Figure 1. — Grp170 interacts with CpG-ODN directly by forming chaperone complexes. A) Grp170 released from necrotic cells binds to CpG-ODN1826. B16 cell lysates prepared after a freeze–thaw procedure were incubated with biotin-CpG-ODN and immunoprecipitated with avidin-agarose. Immunocomplexes were separated by SDS/PAGE and blotted with antibodies against the indicated HSPs. B) Dose-dependent binding of CpG-ODN to Grp170. Grp170 was incubated with increasing concentrations of biotin-CpG-ODN at room temperature, followed by immunoblotting (IB) analysis using streptavidin. C) Analysis of CpG-ODN binding to BSA and Grp170 using ELISA assays. Different concentrations of biotin-CpG-ODN were incubated with microtiter plates precoated with Grp170 or BSA. Levels of bound CpG-ODN were determined using colorimetric assays. D) Effect of reducing or oxidative conditions and ATP on the complex formation. Grp170 was incubated with biotin-CpG-ODN in the presence of DTT, H₂O₂, or ATP at different concentrations as indicated. E) Competition assays of Grp170 and CpG-ODN interaction. Grp170 was incubated with biotin-CpG-ODN1826 in the presence of excess unlabeled CpG-ODN1826, GpC-ODN1982, HPV E7_49–57 peptides, or gp100 protein, followed by immunoblotting analysis. F) Schematic illustration of the predicted domains of Grp170 and construction of Grp170 deletion mutants (BLH, LH, H, ABL, and AB). Grp170 has an NH₂-terminal ATP binding domain (A), followed by a β-sheet domain (B).
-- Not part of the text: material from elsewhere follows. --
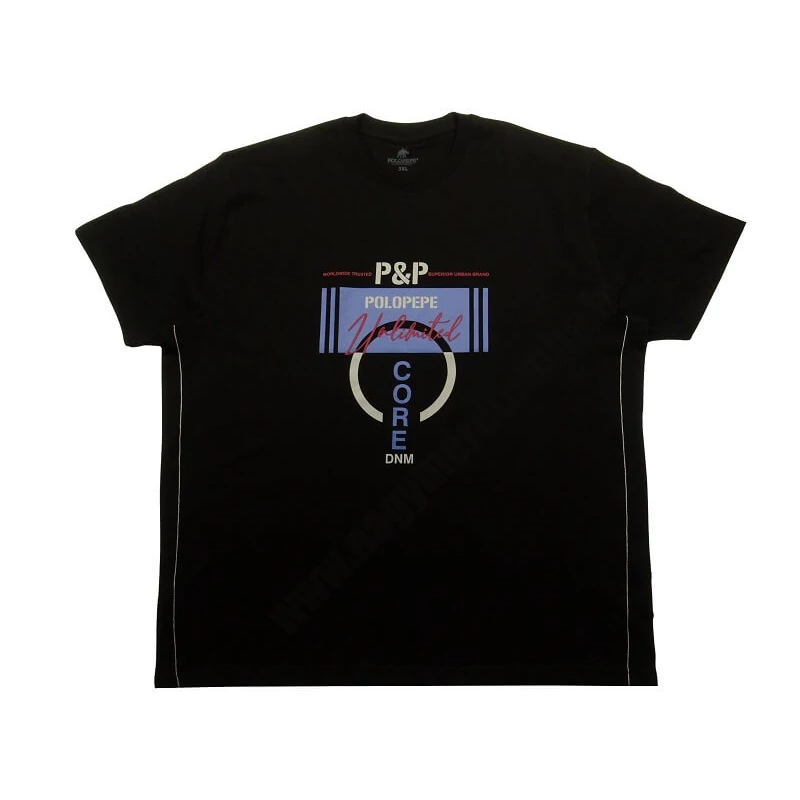 Nyári 3XL,4XL,5XL,6XL-nagyméretű férfi póló. Fekete színű, színes nyomott mintás és feliratos. 100% prémium minőségű pamutból. Rendeljen online, pár kattintással vagy jöjjön el hozzánk személyesen!1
These 2 domains are homologous to the ATP- and peptide-binding domains of Hsp70. This is followed by a predicted acidic loop domain (L) that is not seen in Hsp70 and by α-helical domain (H) that is somewhat similar to the COOH-terminal regions of Hsp70. All Grp170 deletion mutants contain a 6-His tag at the COOH terminus for purification. G) Immunoblotting analysis of the binding of CpG-ODN to chaperoning competent Grp170 mutants. H) SPR analysis of binding of Hsp70 superfamily members to CpG-ODN. Biotin-CpG-ODN was immobilized on a streptavidin-coated sensor chip. Different concentrations of Grp170, Hsp110, and Hsp70 protein were injected with a delay time of 180 s through the sensor chip surface. In addition, the assays were also run using 20 nM chaperone molecules and BSA was used as a negative control. Data represent 3 independent experiments with similar results.
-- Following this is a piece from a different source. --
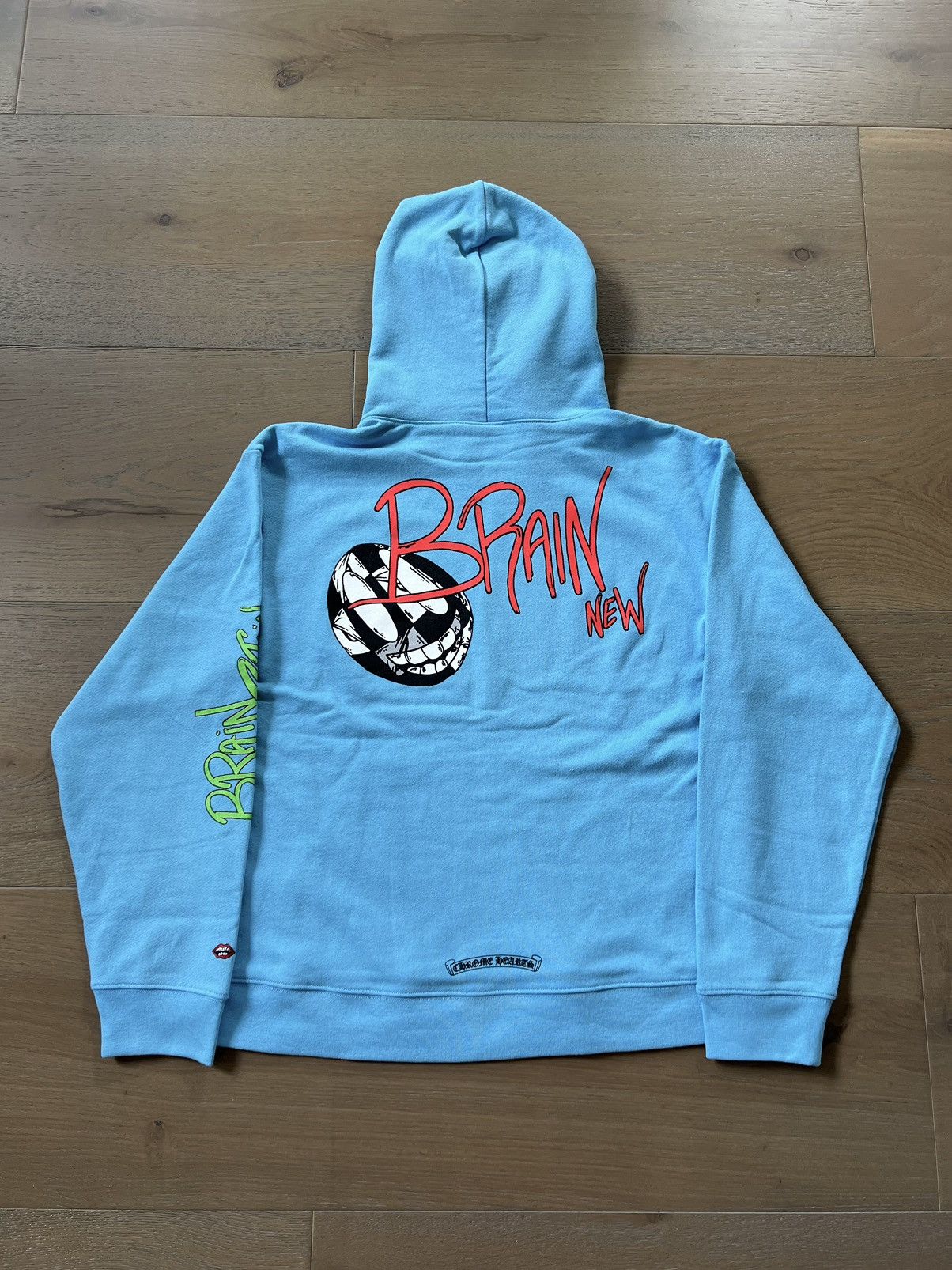 image of Chrome Hearts x Matty Boy Brain New Blue Hoodie, Men's (Size Medium)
We characterized the interaction between Grp170 and CpG-ODN under redox conditions or in the presence of ATP. The Grp170-CpG-ODN complex remained intact exposed to low concentrations of DTT, H₂O₂, or ATP. However, the complex formation was diminished when treated with high concentrations of these agents (Fig. 1D). The similar observation was made in the study of Grp170 interaction with antigenic peptides (22).

Competition study showed that the Grp170-biotin-CpG-ODN complex formation was blocked by the presence of excessive unlabeled or “cold” CpG-ODN1826 (Fig. 1E, left). Non-CpG-containing ODN (i.e., GpC-ODN1982) also efficiently competed with CpG-ODN1826 (Fig. 1E, middle), suggesting a promiscuous interaction between Grp170 and nucleic acids. Excess peptides or proteins also interfered with binding of CpG-ODN1826, suggesting that both CpG-ODN and polypeptides may bind to the same sites of Grp170 (Fig. 1E, right).
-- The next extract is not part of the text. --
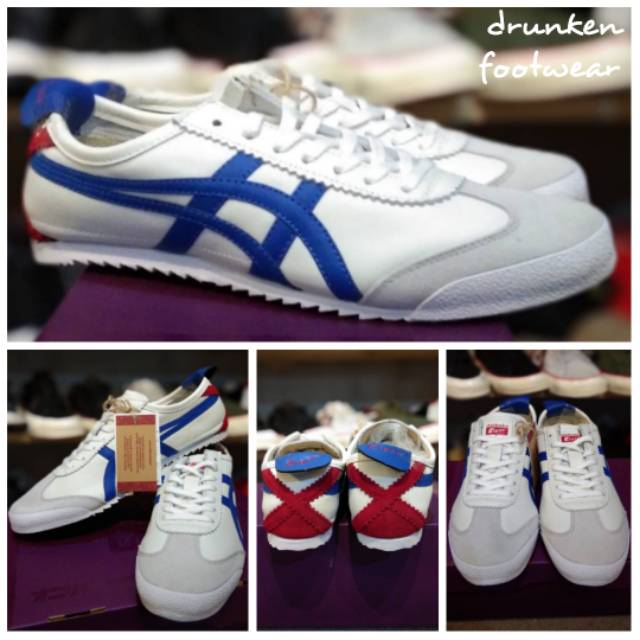 SEPATU ONITSUKA TIGER MEXICO 66 WHITE BLUE RED - ORIGINAL - IMPORT MIRROR BIRU MERAH PUTIH PRIA BNIB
To examine the chaperoning competent domains responsible for binding to CpG-ODN, we prepared serial structural deletion mutants based on the predicted secondary structure of Grp170 by homology modeling with Hsp110 and Hsp70 (17, 20) (Fig. 1F). The mutant proteins, including BLH, LH, H, ABL, and AB were assayed for their ability to interact with biotin-CpG-ODN. Full-length Grp170 and all of its chaperoning functional mutants (BLH, LH, H, and ABL) bound to CpG-ODN, whereas the chaperone null mutant AB did not (Fig. 1G). This result is consistent with our previous study of functional domains involved in substrate chaperoning by Grp170 (20).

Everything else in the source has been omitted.